##### Data records #####
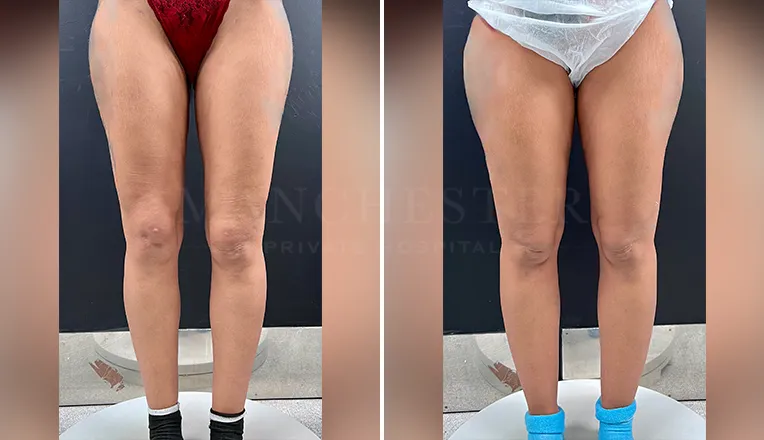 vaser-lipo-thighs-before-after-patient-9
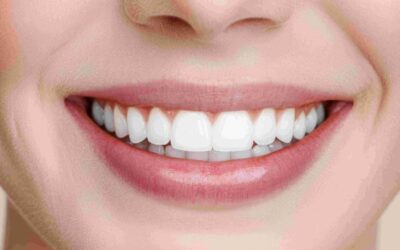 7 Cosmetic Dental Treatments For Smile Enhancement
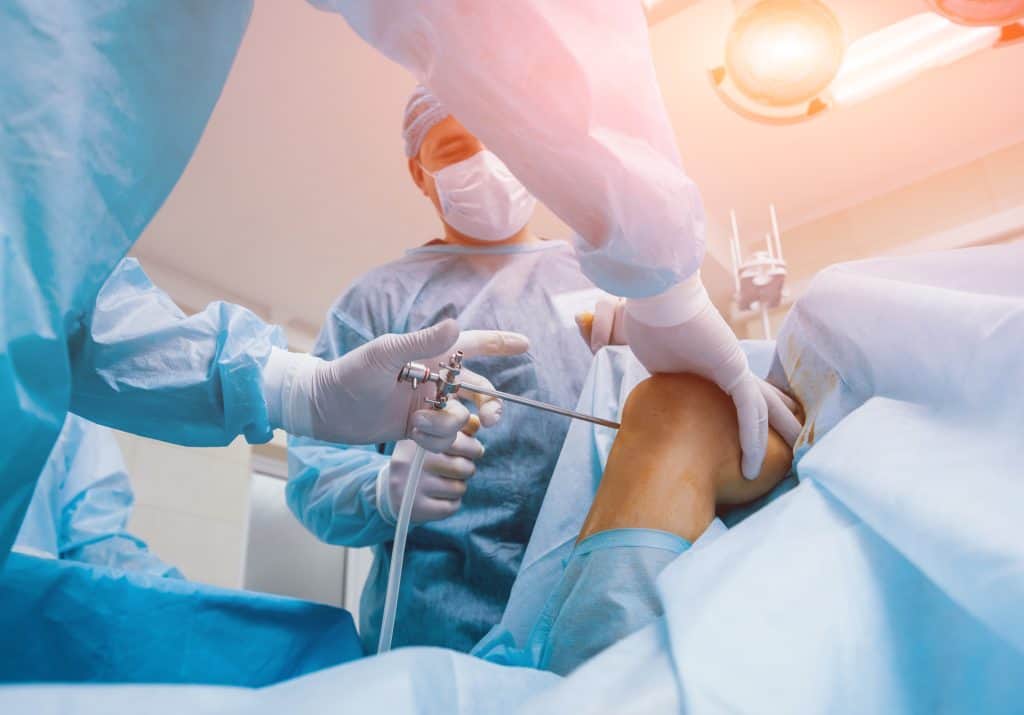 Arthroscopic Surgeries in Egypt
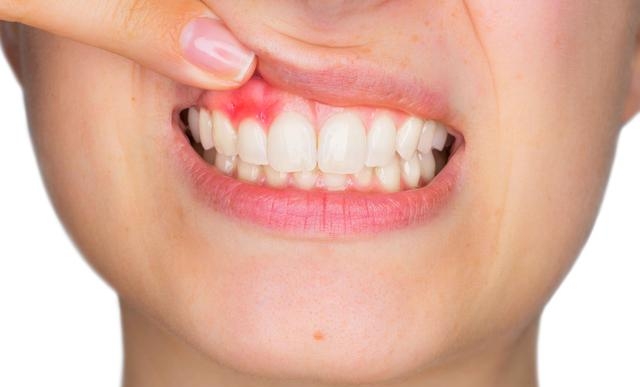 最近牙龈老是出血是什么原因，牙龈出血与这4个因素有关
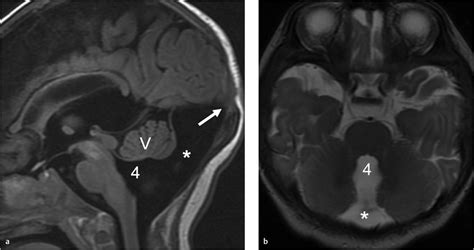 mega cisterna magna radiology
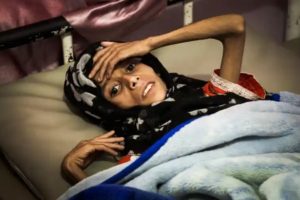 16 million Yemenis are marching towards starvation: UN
#####
● Problem details: Set down each entry above word for word, without its pictures.

● Task response:
 vaser-lipo-thighs-before-after-patient-9
 7 Cosmetic Dental Treatments For Smile Enhancement
 Arthroscopic Surgeries in Egypt
 最近牙龈老是出血是什么原因，牙龈出血与这4个因素有关
 mega cisterna magna radiology
 16 million Yemenis are marching towards starvation: UN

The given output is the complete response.